▸ Work to be completed
The answer is the set of lines that include "online", copied from the data below.

(Stored items)
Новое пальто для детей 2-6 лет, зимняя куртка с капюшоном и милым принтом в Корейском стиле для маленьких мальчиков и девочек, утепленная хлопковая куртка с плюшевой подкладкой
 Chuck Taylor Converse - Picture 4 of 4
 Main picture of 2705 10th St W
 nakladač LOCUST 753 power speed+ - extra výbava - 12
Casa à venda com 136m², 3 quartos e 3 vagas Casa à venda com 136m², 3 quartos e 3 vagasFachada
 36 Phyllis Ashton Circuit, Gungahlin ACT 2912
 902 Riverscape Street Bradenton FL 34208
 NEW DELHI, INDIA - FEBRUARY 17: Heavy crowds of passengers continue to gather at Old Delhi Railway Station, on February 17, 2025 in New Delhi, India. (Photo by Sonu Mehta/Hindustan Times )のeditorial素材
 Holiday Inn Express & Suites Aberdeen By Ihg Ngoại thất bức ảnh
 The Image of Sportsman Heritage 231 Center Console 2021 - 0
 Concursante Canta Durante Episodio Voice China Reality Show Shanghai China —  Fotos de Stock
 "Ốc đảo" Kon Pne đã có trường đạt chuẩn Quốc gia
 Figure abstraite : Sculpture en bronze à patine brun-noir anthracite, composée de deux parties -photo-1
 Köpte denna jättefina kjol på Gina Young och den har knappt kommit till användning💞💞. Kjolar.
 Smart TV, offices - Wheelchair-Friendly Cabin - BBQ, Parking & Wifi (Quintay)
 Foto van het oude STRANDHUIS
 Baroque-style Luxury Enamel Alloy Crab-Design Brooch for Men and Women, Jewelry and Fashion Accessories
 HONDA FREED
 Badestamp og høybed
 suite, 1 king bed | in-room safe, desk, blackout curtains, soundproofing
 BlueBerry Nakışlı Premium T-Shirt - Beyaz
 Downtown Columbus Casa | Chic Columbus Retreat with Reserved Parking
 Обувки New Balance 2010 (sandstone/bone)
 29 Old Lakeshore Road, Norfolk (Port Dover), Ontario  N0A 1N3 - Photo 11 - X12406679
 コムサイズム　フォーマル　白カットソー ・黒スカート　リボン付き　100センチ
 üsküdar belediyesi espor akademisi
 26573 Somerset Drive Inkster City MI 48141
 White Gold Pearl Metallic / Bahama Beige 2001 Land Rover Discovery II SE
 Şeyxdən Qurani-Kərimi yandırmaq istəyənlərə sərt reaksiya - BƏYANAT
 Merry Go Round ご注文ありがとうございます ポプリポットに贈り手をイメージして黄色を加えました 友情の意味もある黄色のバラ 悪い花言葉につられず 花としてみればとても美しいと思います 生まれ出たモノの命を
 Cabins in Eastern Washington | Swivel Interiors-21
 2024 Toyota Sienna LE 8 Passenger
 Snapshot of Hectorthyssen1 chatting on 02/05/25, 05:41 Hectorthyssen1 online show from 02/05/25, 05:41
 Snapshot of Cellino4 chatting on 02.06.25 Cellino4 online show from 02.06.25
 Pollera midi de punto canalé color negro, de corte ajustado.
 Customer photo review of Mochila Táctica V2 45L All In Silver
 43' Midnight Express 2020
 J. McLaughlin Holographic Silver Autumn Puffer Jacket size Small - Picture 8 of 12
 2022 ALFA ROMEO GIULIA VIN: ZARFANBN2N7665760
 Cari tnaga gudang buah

▸ Response area
 Snapshot of Hectorthyssen1 chatting on 02/05/25, 05:41 Hectorthyssen1 online show from 02/05/25, 05:41
 Snapshot of Cellino4 chatting on 02.06.25 Cellino4 online show from 02.06.25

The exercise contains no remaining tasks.